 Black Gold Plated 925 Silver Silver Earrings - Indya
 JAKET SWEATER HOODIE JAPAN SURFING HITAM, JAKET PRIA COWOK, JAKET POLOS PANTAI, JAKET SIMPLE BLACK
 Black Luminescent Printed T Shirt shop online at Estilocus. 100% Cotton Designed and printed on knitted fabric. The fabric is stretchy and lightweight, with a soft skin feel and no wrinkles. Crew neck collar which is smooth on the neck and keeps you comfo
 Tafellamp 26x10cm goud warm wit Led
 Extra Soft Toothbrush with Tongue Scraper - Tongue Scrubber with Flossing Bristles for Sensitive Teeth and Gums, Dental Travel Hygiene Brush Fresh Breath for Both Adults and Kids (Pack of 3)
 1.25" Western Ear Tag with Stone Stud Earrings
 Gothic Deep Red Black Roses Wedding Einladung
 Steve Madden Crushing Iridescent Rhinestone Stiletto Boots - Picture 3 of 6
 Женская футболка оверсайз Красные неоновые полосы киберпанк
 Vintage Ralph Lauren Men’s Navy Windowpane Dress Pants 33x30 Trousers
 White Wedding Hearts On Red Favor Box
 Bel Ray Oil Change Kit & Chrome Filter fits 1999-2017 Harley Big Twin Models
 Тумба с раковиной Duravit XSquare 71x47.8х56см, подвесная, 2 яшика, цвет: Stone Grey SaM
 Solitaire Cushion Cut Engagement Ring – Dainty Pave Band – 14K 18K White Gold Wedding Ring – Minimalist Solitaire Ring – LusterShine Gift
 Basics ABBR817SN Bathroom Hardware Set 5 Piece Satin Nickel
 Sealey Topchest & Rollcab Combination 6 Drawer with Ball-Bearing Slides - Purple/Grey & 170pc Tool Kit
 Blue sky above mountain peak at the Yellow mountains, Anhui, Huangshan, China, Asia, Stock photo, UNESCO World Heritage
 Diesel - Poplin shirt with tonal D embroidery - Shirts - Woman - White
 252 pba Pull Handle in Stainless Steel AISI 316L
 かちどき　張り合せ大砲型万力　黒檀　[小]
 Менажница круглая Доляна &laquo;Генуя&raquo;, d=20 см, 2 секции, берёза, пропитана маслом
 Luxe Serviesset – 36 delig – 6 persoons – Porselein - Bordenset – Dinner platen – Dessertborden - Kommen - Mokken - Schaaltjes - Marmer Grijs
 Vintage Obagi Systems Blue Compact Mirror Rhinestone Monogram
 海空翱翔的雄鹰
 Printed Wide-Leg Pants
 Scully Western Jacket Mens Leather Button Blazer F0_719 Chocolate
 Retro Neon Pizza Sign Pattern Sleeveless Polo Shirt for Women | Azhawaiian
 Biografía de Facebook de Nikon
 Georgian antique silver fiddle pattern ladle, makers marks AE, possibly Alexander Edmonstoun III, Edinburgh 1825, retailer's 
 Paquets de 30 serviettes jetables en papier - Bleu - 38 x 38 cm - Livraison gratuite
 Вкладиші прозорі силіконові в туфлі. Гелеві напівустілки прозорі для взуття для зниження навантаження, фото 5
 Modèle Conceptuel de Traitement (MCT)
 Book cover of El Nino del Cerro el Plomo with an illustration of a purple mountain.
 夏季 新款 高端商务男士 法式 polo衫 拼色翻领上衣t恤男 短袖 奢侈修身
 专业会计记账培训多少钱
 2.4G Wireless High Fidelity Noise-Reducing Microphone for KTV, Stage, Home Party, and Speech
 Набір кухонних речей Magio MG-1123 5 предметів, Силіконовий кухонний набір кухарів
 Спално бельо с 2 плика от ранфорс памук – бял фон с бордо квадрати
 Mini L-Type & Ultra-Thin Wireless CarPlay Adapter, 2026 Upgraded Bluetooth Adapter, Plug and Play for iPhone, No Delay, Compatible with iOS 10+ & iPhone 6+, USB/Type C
☆ ☆ ☆ ☆ ☆ ☆ ☆
**Instructions for the task:**
Could you return, word for word, only the lines running from the first line of the material above to the line that contains "JAKET SWEATER HOODIE", inclusive?

**Finished exercise:**
 Black Gold Plated 925 Silver Silver Earrings - Indya
 JAKET SWEATER HOODIE JAPAN SURFING HITAM, JAKET PRIA COWOK, JAKET POLOS PANTAI, JAKET SIMPLE BLACK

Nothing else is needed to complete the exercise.